Problem: Combination Sum

Problem Statement

Given an array of distinct integers candidates and a target integer target, return a list of all unique combinations of candidates where the chosen numbers sum to target.

You may reuse the same number an unlimited number of times.

Return the combinations in any order.

Examples

Example 1
Input: candidates = [2,3,6,7], target = 7
Output: [[2,2,3],[7]]

Example 2
Input: candidates = [2,3,5], target = 8
Output: [[2,2,2,2],[2,3,3],[3,5]]

Constraints

1 <= candidates.length <= 30
2 <= candidates[i] <= 40
All elements of candidates are distinct.
1 <= target <= 500

Intuition

This is a combinatorial generation problem. We need to explore all combinations that sum up to the target.

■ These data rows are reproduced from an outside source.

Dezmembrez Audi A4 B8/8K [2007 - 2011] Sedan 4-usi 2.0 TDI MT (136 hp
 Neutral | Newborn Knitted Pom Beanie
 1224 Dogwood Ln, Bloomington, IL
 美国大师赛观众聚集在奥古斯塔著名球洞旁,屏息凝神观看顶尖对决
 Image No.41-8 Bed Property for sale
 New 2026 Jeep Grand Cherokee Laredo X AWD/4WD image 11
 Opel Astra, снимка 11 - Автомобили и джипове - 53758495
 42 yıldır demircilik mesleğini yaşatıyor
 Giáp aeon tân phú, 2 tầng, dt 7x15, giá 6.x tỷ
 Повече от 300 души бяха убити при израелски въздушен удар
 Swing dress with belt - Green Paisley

We use input-output recursion where:

Input is the current index and remaining target
Output is the current list of chosen elements

We recurse over each element and choose to:

Include it (and stay at same index, since repetition is allowed)
Exclude it (move to next index)

Input-Output Recursive Method with Backtracking

Function Signature

void findNumbers(List<List<Integer>> list, List<Integer> arr, int target, int ind, List<Integer> temp)

Parameters

list: final result list
arr: sorted list of distinct candidates
target: remaining target sum
ind: current index in arr
temp: current combination being built

Base Case

If target == 0:

We’ve built a valid combination → add a deep copy of temp to result list.

Recursive Case

Loop from index ind to end:

If arr[i] <= target, include arr[i] in temp
Recurse with reduced target and same index i (as repetition is allowed)
Backtrack by removing last element

Code (Java)

class Solution {
    public List<List<Integer>> combinationSum(int[] candidates, int target) {
        List<List<Integer>> ans = new ArrayList<>();
        List<Integer> inAns = new ArrayList<>();

        // Remove duplicates (defensive) and sort
        Set<Integer> set = new HashSet<>();
        for (int i : candidates) set.add(i);
        List<Integer> candi = new ArrayList<>(set);
        Collections.sort(candi);

        findNumbers(ans, candi, target, 0, inAns);
        return ans;
    }

    public void findNumbers(List<List<Integer>> list, List<Integer> arr, int target, int ind, List<Integer> temp) {
        if (target == 0) {
            list.add(new ArrayList<>(temp));
            return;
        }

        for (int i = ind; i < arr.size(); i++) {
            int val = arr.get(i);
            if (target - val >= 0) {
                temp.add(val);
                findNumbers(list, arr, target - val, i, temp); // reuse same index
                temp.remove(temp.size() - 1); // backtrack
            }
        }
    }
}

Time and Space Complexity

Time Complexity: O(2^target) in worst case
- Each number can either be included or not → exponential choices
Space Complexity:
- O(target) recursion depth
- O(∑k) where k is the average size of combinations

Dry Run

Input: `candidates = [2, 3], target = 5`

Start: target = 5, temp = []

Explore:

Choose 2 → target = 3 → [2]
- Choose 2 → target = 1 → [2,2]
  - Choose 2 → target = -1 → stop
- Choose 3 → target = 0 → [2,3] → valid
Choose 3 → target = 2 → [3]
- Choose 3 → target = -1 → stop

Answer: [[2,3]]

Conclusion

This problem is an excellent example of the input-output recursive model with backtracking, where we control combinations with repetition. It demonstrates how recursion can efficiently enumerate valid combinations under constraints.